The $529 million project, which will let some of the world’s biggest container ships visit the Port of Charleston even at low tide, is funded in large part by $300 million that South Carolina legislators banked years ago.
While that lines up with President Donald Trump’s mandate that federal dollars should go toward infrastructure initiatives with a local match, the state’s contribution was not factored into a budget formula that gauges a project’s overall public benefit against its cost.
That put Charleston far behind a similar dredging effort in Savannah — which would get $49 million under Trump’s new spending plan — and other projects nationwide on the priority list.
“I’m disappointed, frankly, in the Trump budget because it didn’t include us,” Graham said.
The budget formula — called a cost-benefit ratio — is actually a recommendation the Army Corps of Engineers makes when submitting projects to Congress for federal funding. The Office of Management and Budget then runs that recommendation through its own analysis to come up with the figure that’s included in the president’s budget.
“We are not privy to how OMB reaches their final conclusion,” said Glenn Jeffries, spokeswoman for the Army Corps office in Charleston.
Graham said he wants states and localities to get credit for the money they put up when federal budget writers run their numbers. He hopes to codify an updated formula in time for next year’s budget.
“When you change the formula, you can have the money flow a lot faster,” Graham said,.
Jim Newsome, CEO of the State Ports Authority, said the project needs $90 million a year from the federal government to keep the dredging project on schedule for a three-year completion. The Army Corps estimates dredging could take longer — between 40 and 76 months, depending on weather, equipment availability and other factors.
Regardless of the timeline, Gov. Henry McMaster said the federal government must start addressing Charleston’s needs today. McMaster, who is running to stay in office, said he plans to speak with Trump, a close political ally, about getting a steady flow of money.
“If the facts and circumstances are known, such as the value of this port and the fact that South Carolina has already put up 300 million of its own dollars, given the right analysis under the right formula we’ll receive the money from the federal budget,” he said.
In the meantime, Graham said about $25 million could be available for the Charleston deepening from a separate Army Corps fund he helped to create about five years ago. That money could be added to $17.5 million the project received from the Army Corps last year.

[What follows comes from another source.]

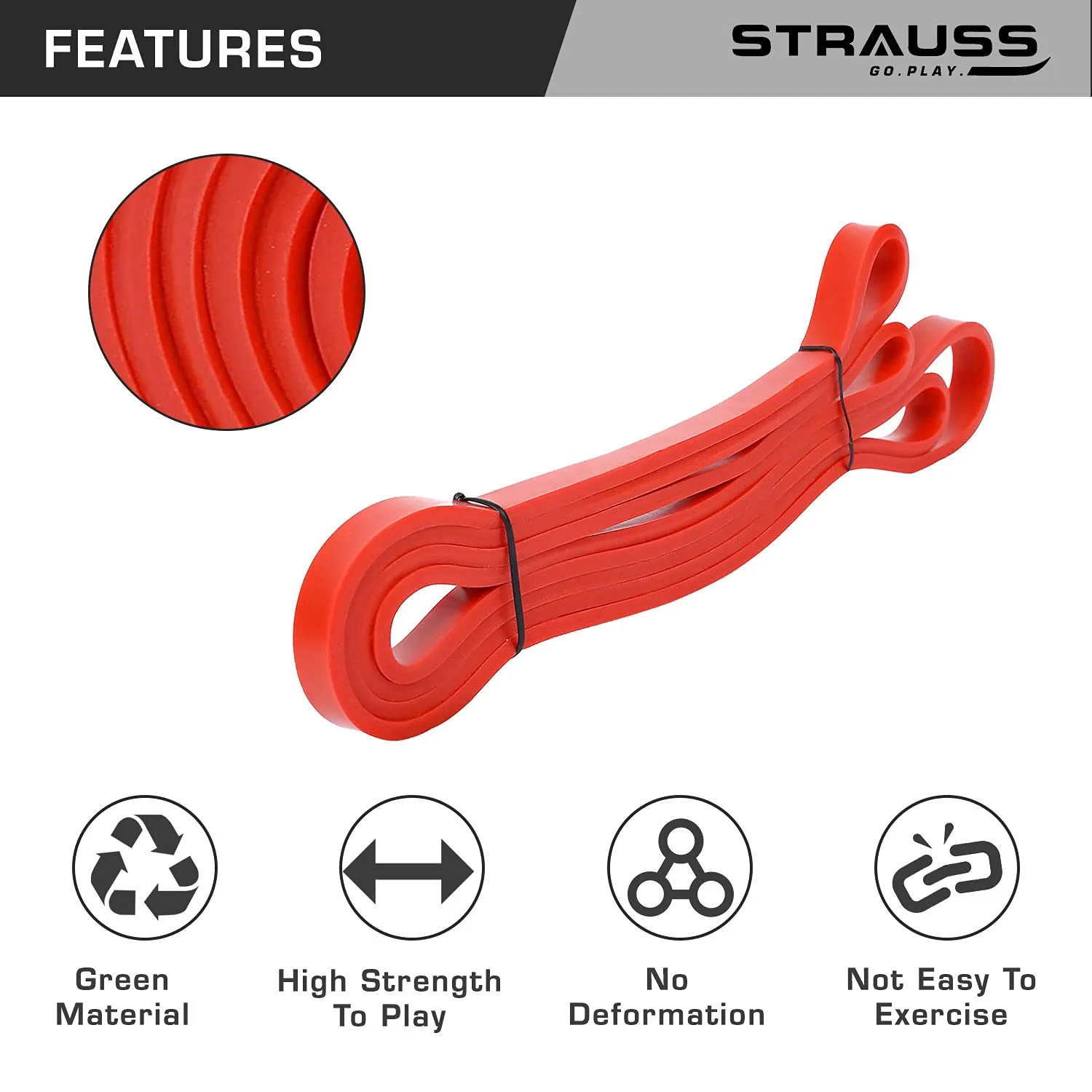 Strauss Resistance Band | Pull Up Bands Ideal for Home Exercise,Chin Ups, Squats & Core Workout | for Gym Men & Women | Resistance Bands, Loop Bands & Toning Bands | Resistance Level: 7-16Kg,(Red)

The dredging project will give the Port of Charleston the deepest waterway on the East Coast as a greater number of container ships from Asia are visiting South Atlantic seaports through the expanded Panama Canal. Charleston already has regular calls from ships carrying up to 14,000 cargo boxes and Newsome said a vessel capable of hauling 18,000 containers will visit by the end of this year.
The Army Corps last fall awarded two contracts to Oak Brook, Ill.-based Great Lakes Dredge & Dock.
The first, for $47 million, is to remove 6 million cubic yards of material from the harbor’s entrance channel. The second — at $213 million it was the largest awarded by the local Army Corps office — is to remove nearly 8 million cubic yards of material from the entrance channel.
Friday’s ceremony aboard the USS Yorktown at Patriots Point was to celebrate what Newsome calls “the beginning of the end” of a long process to deepen Charleston Harbor.
The project began in 2011 when an Army Corps study determined there is federal interest in deepening the harbor. It has progressed more quickly than any federal deepening project to date. Congress authorized the deepening in late 2016 and dredging officially started Friday.
The project is among more than $2 billion being spent in and around the Port of Charleston to accommodate the heavier container ships.